Restorative justice and the minimum age of criminal responsibility – #RaisetheAge
The Centre for Children’s Rights (CCR) at Queen's University Belfast are delighted to host this blog series in partnership with the Children’s Law Centre, Include Youth, NIACRO and VOYPIC. Academics within the CCR, in partnership with some of these organisations, co-hosted a seminar at Queen’s in 2015 attended by the then Minister for Justice, David Ford in which we discussed the very same issue of raising the age of criminal responsibility in Northern Ireland. It is disappointing that little has been progressed in the intervening years. This blog series represents our joint commitment to keeping debate and discussion about raising the minimum age of criminal responsibility (MACR) on the public and political agenda.
The age of criminal responsibility in Northern Ireland is 10 years old. It remains one of the lowest in Europe and around the world. The Children’s Law Centre, Include Youth, NIACRO and VOYPIC are calling for the age to be raised to 16 in line with UN recommendations.
Children are thought not to be responsible enough to buy a lottery ticket until their 16th birthday, they cannot drive a car until they are 17 years old and need to wait until they are 18 to vote, serve on a jury, get a tattoo or buy a glass of beer; but we hold 10 year old children criminally responsible.

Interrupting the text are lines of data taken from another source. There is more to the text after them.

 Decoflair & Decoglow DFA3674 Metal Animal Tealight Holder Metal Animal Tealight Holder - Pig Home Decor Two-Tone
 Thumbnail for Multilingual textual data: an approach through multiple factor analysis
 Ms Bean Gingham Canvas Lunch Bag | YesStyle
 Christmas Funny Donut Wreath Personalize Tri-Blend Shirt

The UN Committee on the Rights of the Child has repeatedly raised the minimum age of criminal responsibility in this jurisdiction as a serious breach of children’s rights and made clear recommendations this is raised considerably “in accordance with acceptable international standards”.
At 10 years of age, we have one of the lowest ages of criminal responsibility in the world and the lowest in Europe. In some countries such as Norway, Sweden and Portugal the age of criminal responsibility is 15 and 16.

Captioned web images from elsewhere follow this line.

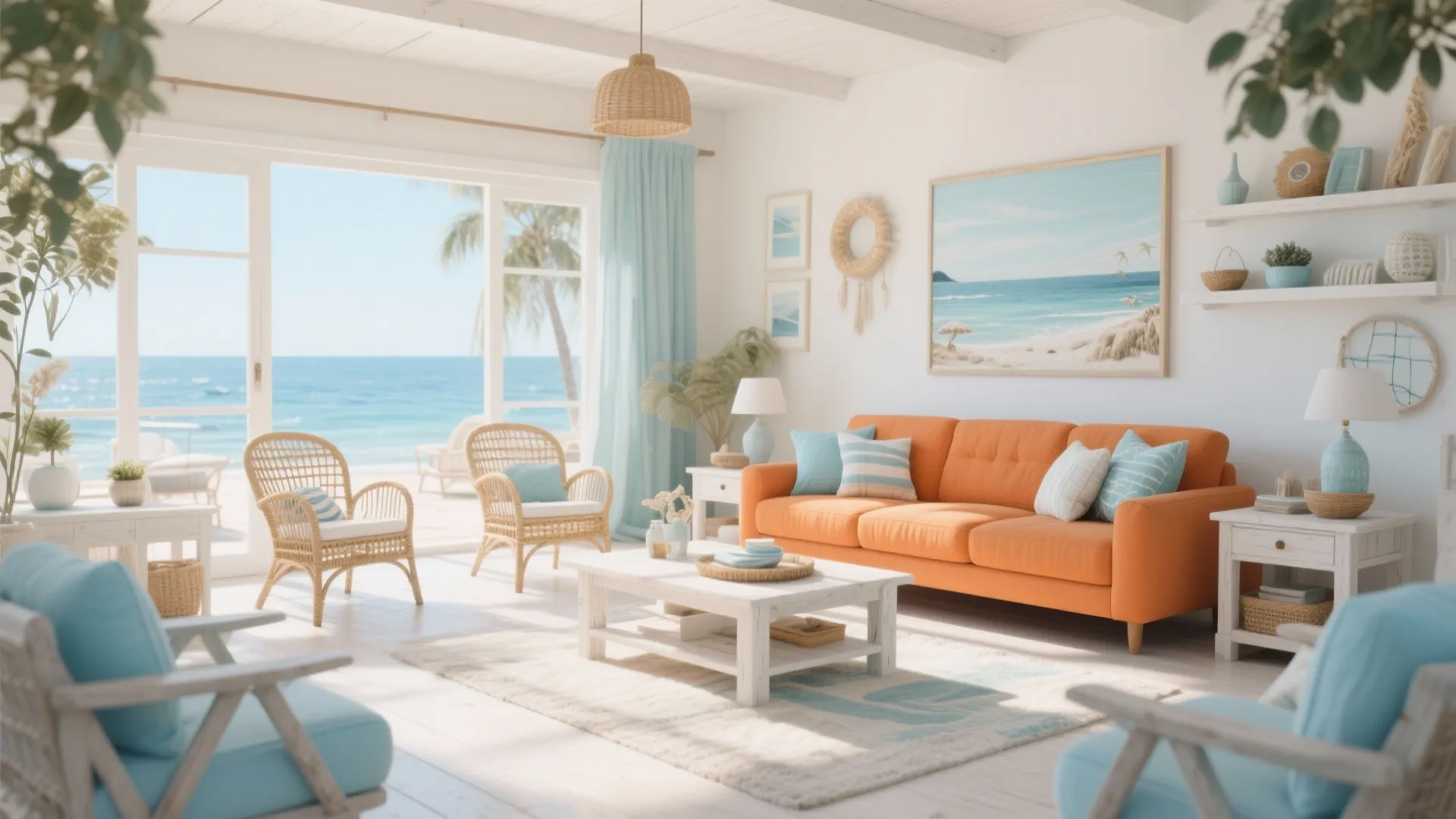 Coastal living room featuring orange sofa, wicker chairs, blue curtains, and view of the ocean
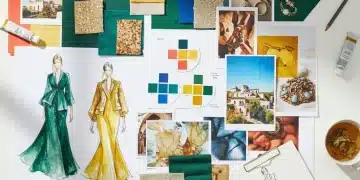 Fashion designer's mood board with sketches and fabric swatches
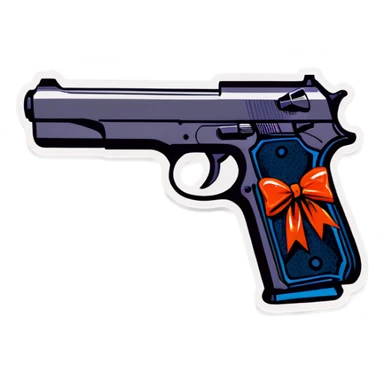 A gun with a ribbon sticker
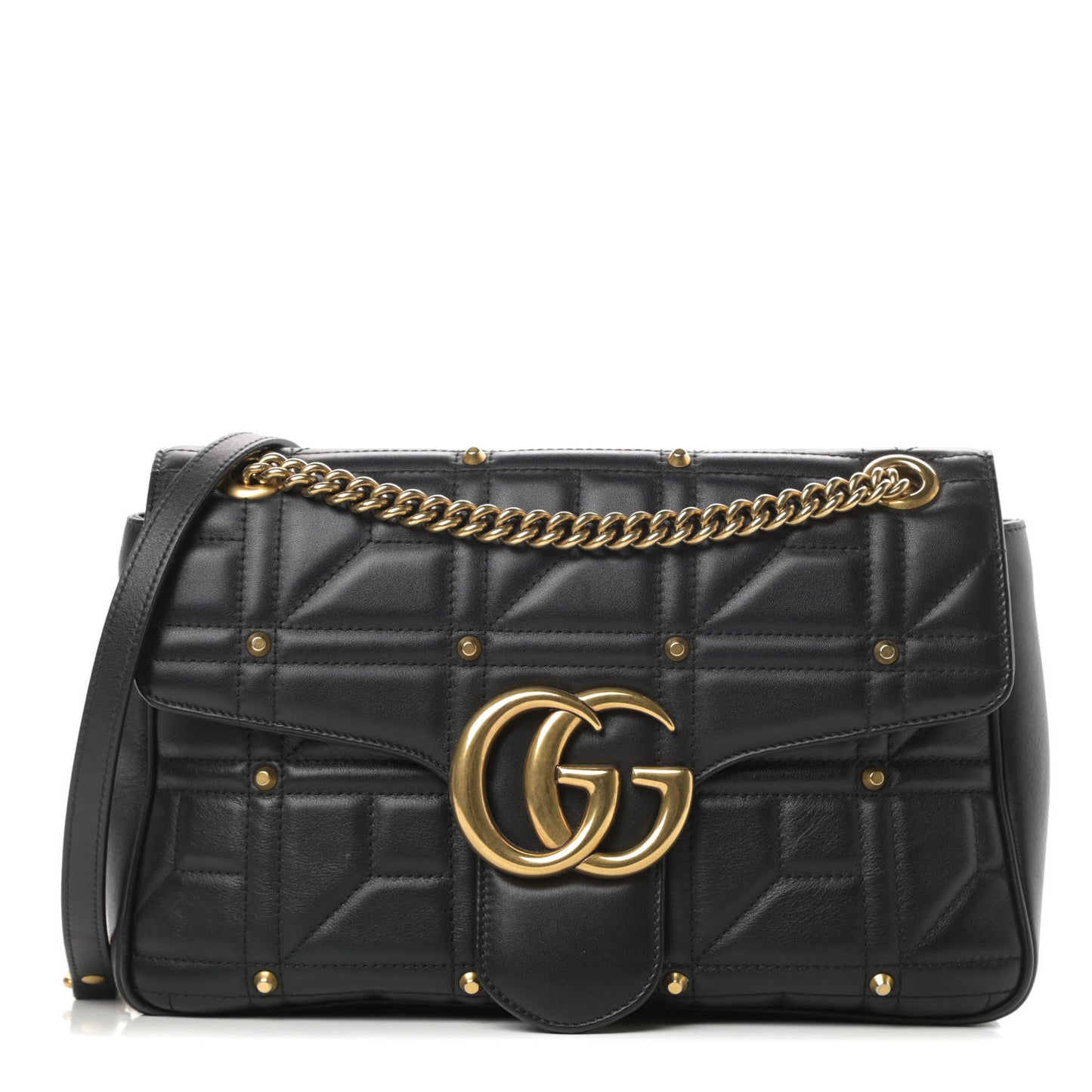 Calfskin Matelasse Studded Medium GG Marmont Shoulder Bag Black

There is a large body of international evidence telling us that 10 is far too low, and that children will not understand the full consequences of their actions until much later in their development.

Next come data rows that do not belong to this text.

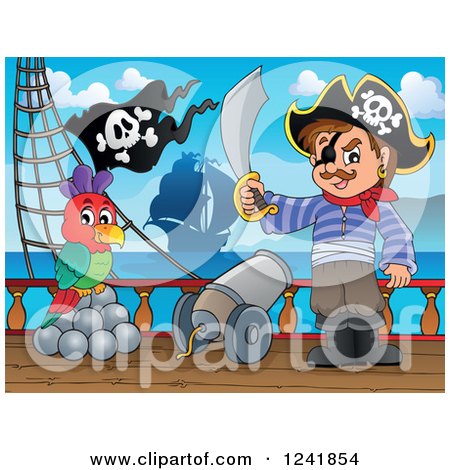 Clipart of a Pirate Captain Withi a Parrot and Sword on Deck - Royalty Free Vector Illustration by visekart
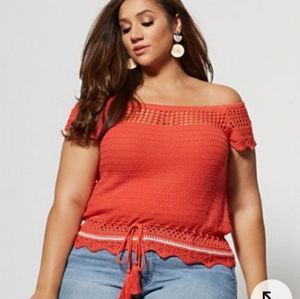 NWT Fashion to Figure Karyna off shoulder crochet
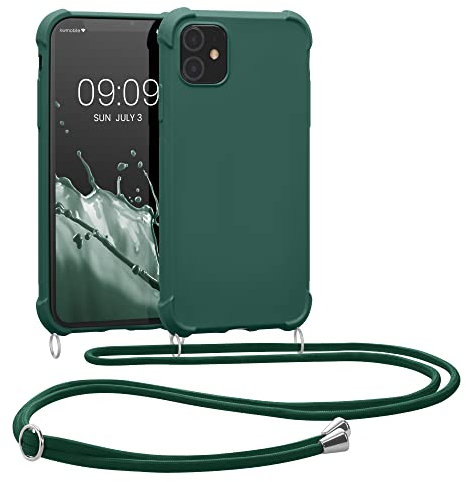 kwmobile Crossbody Case Compatible with Apple iPhone 11 Case - TPU Silicone Cover with Strap - Dark Green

When deciding how to engage with children who come in contact with the criminal justice system, we must reflect on what the best outcomes for both children and society are. If we want to prevent ‘offending’ and encourage ‘rehabilitation’, drawing children into the criminal justice system does not work.
In 2017/18, almost 30% of children with offending behaviour reoffended within one year. Children in the criminal justice system are overwhelmingly care experienced children, children with drug or alcohol problems, children with mental health needs or unmet special educational needs. The focus therefore needs to be on assessing and addressing the challenges and life experiences that led the child into contact with the law in the first place. This approach will lead to better outcomes for children, their families and society.
Evidence demonstrates that raising the age in Northern Ireland is long overdue. Government cannot continue to prevaricate, they need to comply with their children’s rights obligations, reflecting both best practice and what we now know about child brain development; children and society need urgent action.